I recently rescued a box of letters, correspondence between a wife and her GI husband during WWII, from the precarious future at the hands of a flea market peddler. Two of their letters are presented here.
Frances always began her letters to Melvin the same way – “My Darling Husband.” Melvin’s favorite salutation to Frances was, “My Beautiful Little Red Head.”
As an American GI during World War II, Melvin and his wife Frances have been apart an uncomfortably long time. She writes to him daily. Her graceful script is inviting and warm and conversational; you can picture her in housecoat and slippers, sitting at the kitchen table, as she chats on paper with her husband. Her letters are filled with the retelling of her daily activities or neighborhood gossip, but most importantly to Melvin, are her warm expressions of love.
Just as relentless in his letter-writing, Melvin’s cramped and hurried cursive offers a picture of him prone on his bunk, jotting down his thoughts.
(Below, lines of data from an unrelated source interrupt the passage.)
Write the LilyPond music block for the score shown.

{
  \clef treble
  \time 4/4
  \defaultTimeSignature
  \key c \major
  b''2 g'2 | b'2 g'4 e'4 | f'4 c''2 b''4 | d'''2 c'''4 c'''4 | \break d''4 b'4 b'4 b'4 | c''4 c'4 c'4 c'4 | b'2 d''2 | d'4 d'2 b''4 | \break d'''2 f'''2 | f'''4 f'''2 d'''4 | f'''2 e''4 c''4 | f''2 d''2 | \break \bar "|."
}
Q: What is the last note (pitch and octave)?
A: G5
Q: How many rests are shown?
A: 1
In his letters, he talks about the everyday occurrences of military life – from weapons training to KP duty, or the retelling of a joke that made its way around his barracks.
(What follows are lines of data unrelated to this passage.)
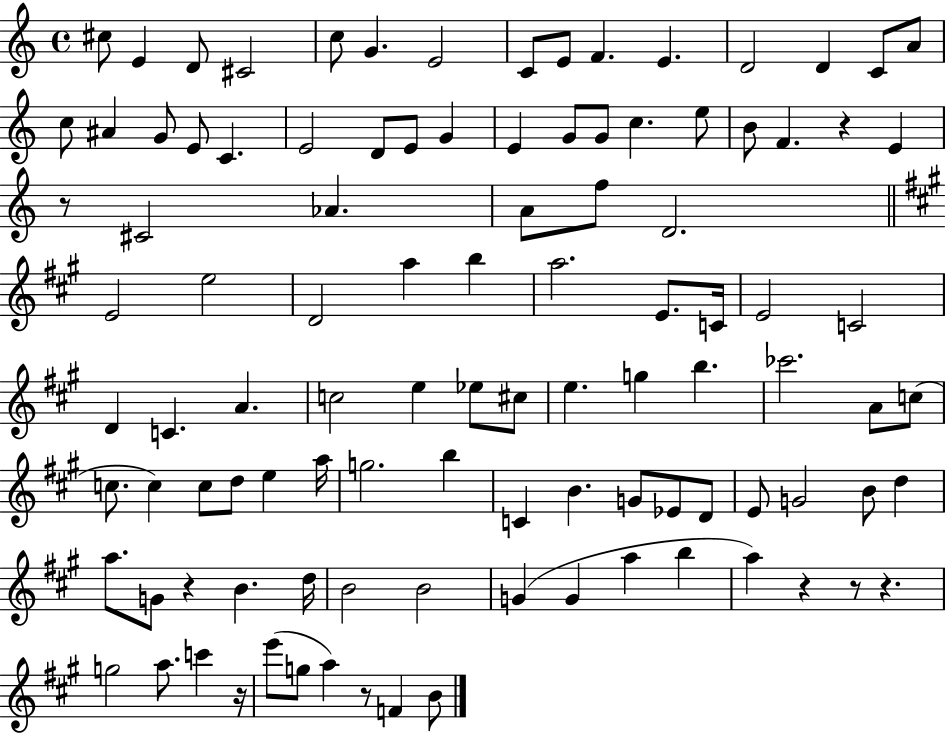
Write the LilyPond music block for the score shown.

{
  \clef treble
  \time 4/4
  \defaultTimeSignature
  \key c \major
  cis''8 e'4 d'8 cis'2 | c''8 g'4. e'2 | c'8 e'8 f'4. e'4. | d'2 d'4 c'8 a'8 | \break c''8 ais'4 g'8 e'8 c'4. | e'2 d'8 e'8 g'4 | e'4 g'8 g'8 c''4. e''8 | b'8 f'4. r4 e'4 | \break r8 cis'2 aes'4. | a'8 f''8 d'2. | \bar "||" \break \key a \major e'2 e''2 | d'2 a''4 b''4 | a''2. e'8. c'16 | e'2 c'2 | \break d'4 c'4. a'4. | c''2 e''4 ees''8 cis''8 | e''4. g''4 b''4. | ces'''2. a'8 c''8( | \break c''8. c''4) c''8 d''8 e''4 a''16 | g''2. b''4 | c'4 b'4. g'8 ees'8 d'8 | e'8 g'2 b'8 d''4 | \break a''8. g'8 r4 b'4. d''16 | b'2 b'2 | g'4( g'4 a''4 b''4 | a''4) r4 r8 r4. | \break g''2 a''8. c'''4 r16 | e'''8( g''8 a''4) r8 f'4 b'8 | \bar "|."
}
Question: “Which would you rather be, a hardware store mouse or a grocery store mouse?”
Answer: “A grocery store mouse goes behind the beans and peas. But the hardware store mouse goes behind the nails and screws.”
And as may be expected, from a soldier separated from the woman he loves, he reminisces – frequently and vividly – about their physical relationship. When he’s not wallowing in his fleshy remembrances, he rambles about their future. A future he envisions will be made perfect with the addition of a baby girl.
Their letters enable us — almost shamefully — to eavesdrop on the intimate conversations between two lovers while escorting us into a world seven decades removed. Each letter tells the story of life in the 1940’s. Their love, humor, and concern for each other, are laid out in these conversations. Their hundreds of pieces of crisscrossing correspondence were a salve for each of them.
The new “It Girl”
Penned in April of 1946, Frances’ letter reminds us that for thousands of allied soldiers their military obligation didn’t end with Germany’s surrender almost a year before. Europe was in ruins—its infrastructure, as well as its social and economic systems, needed rebuilding. Part of the occupation army given that task was PFC Melvin Blakeslee. In this letter, Frances talks about Melvin’s new assignment as part of “Operation War Bride.”
During the war, over 150,000 European women and American GI’s fell in love and married. With the war’s end, these new brides were anxious to be reunited with their American husbands, who were already stateside. Part of Melvin’s job was processing the bride’s paperwork, clearing their way to a new life.
While her concern for his well-being and happiness runs throughout the letter, and was appreciated by Melvin, her refreshingly descriptive need to be “loved,” (possibly requiring Clara Bow to give up her “It Girl” title) may have been the most memorable, and welcomed, words he could read.
“His Happy Place”
Written the day after Japan surrendered, Melvin’s letter isn’t what you would expect from a U.S. soldier on that triumphant day. His unit was given unexpected leave and Melvin headed to St. Louis. Instead of a letter from a soldier drenched in high times and raucous celebration, we see Melvin, not as a participant in the festivities, but a lonely observer. A night that should have been filled with backslapping euphoria was instead spent wandering the streets.
Not lingering in the unpleasantness of his St. Louis visit, Melvin ends his letter dreaming of the place he knows he will be a happy participant – in all of the festivities – the arms of Frances.
Meet Frances and Melvin
The couple grew up in a tight-knit community. Although Frances was four years younger (b. 1921) than Melvin (b. 1917) he was only two grades ahead of her in high school, Melvin graduating in 1936 and Frances in 1938. After Melvin was discharged from the Army he returned to their neighborhood, and to Frances, where they remained the rest of their lives. Melvin found employment as a municipal bus driver and Frances continued working at the local Bank and Trust company (she retired from there after 49 years of service). Melvin died in 1978 at age 60; Frances died in 2006, at the age of 85. They had no children.
With the help and research by the staff at the Gloucester County Historical Society, and high school year-book photos we’re able to put faces with the names.